Screening mammography was assessed in 9 randomized trials initiated between 1963 and 1990, with breast cancer-specific mortality as the primary endpoint (1). In contrast, breast cancer detection (ie, cancer detection rates, sensitivity, or area under the receiver operating characteristic curve) has been the primary endpoint in most screening trials (Table 1) and observational studies initiated during the past decade (2–7). These trials have evaluated newer breast screening modalities, including digital breast tomosynthesis (DBT), magnetic resonance imaging (MRI), and ultrasound, and the results provided impetus for implementation of these newer modalities into clinical practice. None of these trials have yet provided mortality data, and novel screening strategies have been recommended solely on the basis of their abilities to detect greater numbers of early stage breast cancers, consistent with the long-held belief that cancers are generally curable if detected early (1).

Table 1.

Breast cancer screening trials initiated from 2010 onward^a

Breast cancer screening trials	No. of trials (%)
All	32 (100)
Screening modality
2D digital mammography	24 (75.0)
Digital breast tomosynthesis	19 (59.4)
MRI/AB-MRI	7 (21.9)
Ultrasound	6 (18.8)
Other	11 (34.4)
Primary outcome^b
Cancer detection rate	10 (31.2)
Sensitivity	6 (18.8)
ROC area/accuracy	7 (21.9)
Recall rate/specificity	6 (18.8)
Advanced cancer rate	4 (12.5)
Interval cancer rate	2 (6.2)

Open in a new tab

Based on ClinicalTrials.gov search. Search criteria: breast cancer; screening AND imaging; interventional studies. Trials with less than 100 subjects, evaluating only a single imaging modality, or in cancer patients excluded. 2D = 2-dimensional; AB-MRI = abbreviated breast magnetic resonance imaging; MRI = magnetic resonance imaging; ROC = receiver operating characteristic.

Some trials had 2 primary outcomes.

However, the detection of greater numbers of early stage breast cancers can also lead to overdiagnosis, which refers to the detection of cancers that pose no threat to life and would never have been detected in the absence of screening (8). Indeed, the detection of greater numbers of early stage cancers in the absence of a subsequent decline in rates of metastatic cancers and cancer deaths is the hallmark of overdiagnosis. Adoption of novel screening strategies solely on the basis of improved tumor-detection endpoints (and the absence of mortality data) may therefore exacerbate the problem of overdiagnosis and do more harm than good.

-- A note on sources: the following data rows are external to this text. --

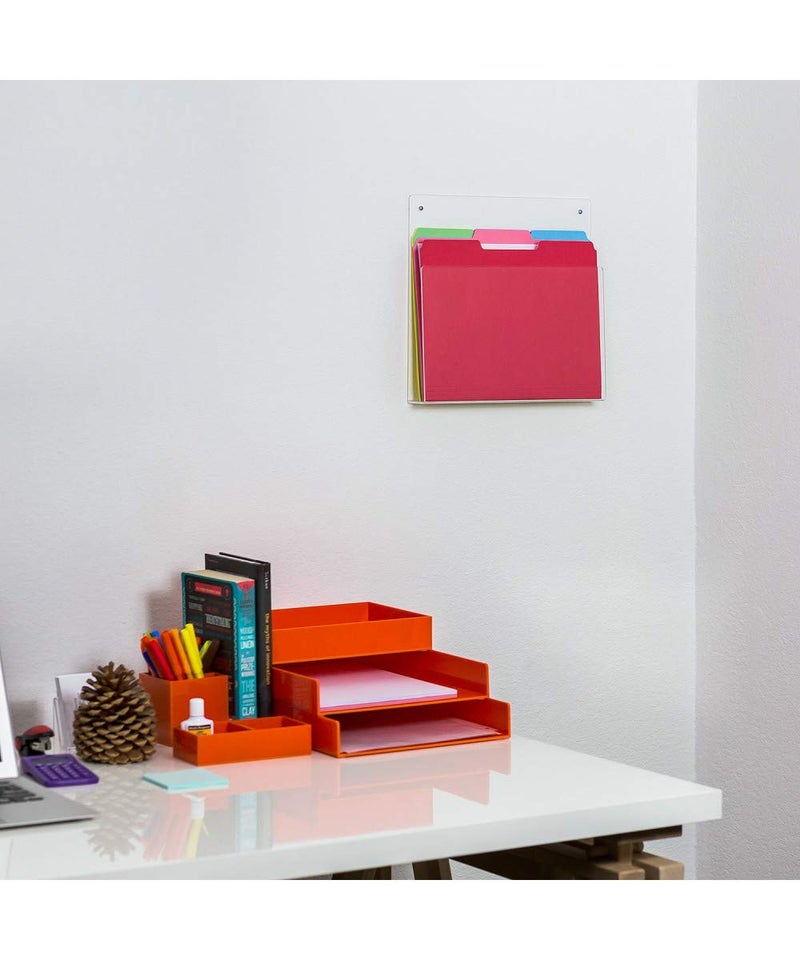 SourceOne SOURCE ONE Deluxe Clear Acrylic File Chart Holder Wall Mount - Image 3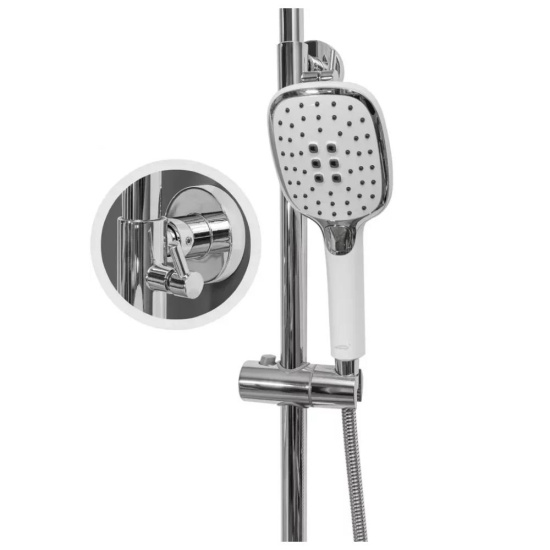 Душевая стойка Hansberge H5033W, белый/хром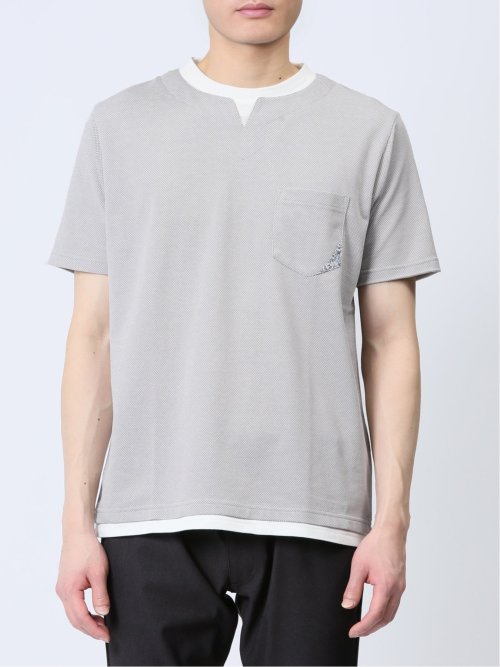 さまになる フェイクレイヤード キーネック半袖Tシャツ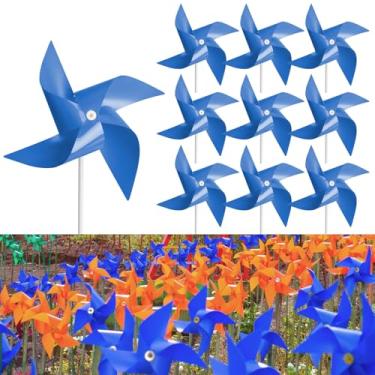 Imagem de Tsocent 150 Peças De Cata-Ventos, Cata-Ventos Brinquedo E Lembrancinhas Festa Para Crianças, Decorativos Áreas Externas Jardim (Azul Escuro)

Evidence for Overdiagnosis

Breast cancer overdiagnosis is a major public health concern, and there is indirect as well as direct evidence to suggest that both ductal carcinoma in situ (DCIS) and invasive cancers are overdiagnosed as a consequence of screening (9, 10). DCIS is rarely palpable, almost always screen detected, and generally regarded as a nonobligate precursor of invasive breast cancer (11). Rates of DCIS detection and extirpation surged nearly 6-fold in the United States between 1975 and 2004, with the widespread implementation of mammography screening (12). Substantial declines in the incidence of invasive breast cancer were expected as a result of this surge, and yet, invasive breast cancer incidence gradually increased from about 100.0 to 124.3 cases per 100 000 women during this same time period, providing indirect evidence that most cases of screen-detected DCIS would likely have never progressed to invasive disease (12). Moreover, an autopsy study in Denmark demonstrated that occult DCIS was evident in 15% of a random sampling of women aged 20-44 years with no previous history of cancer who had died of accidents, a prevalence 4 times greater than the number of invasive breast cancers expected to develop over a 20-year period (13). Thus, occult DCIS seems to be highly prevalent in the general population, and most lesions would not be expected to have an adverse effect on mortality.

Observational studies also provide indirect evidence for the overdiagnosis of invasive breast cancer. These population-based studies show that screening may substantially increase the detection rates of early stage invasive breast cancers, but it has only a marginal effect in reducing the incidence of advanced disease (14, 15). Moreover, even though age-specific incidence rates of invasive breast cancer invariably increase among younger women in the age group that undergoes screening, incidence rates of invasive cancer do not ultimately drop below baseline for the elderly population not being screened, thereby providing further indirect evidence for the overdiagnosis of invasive cancers in the screened population (16).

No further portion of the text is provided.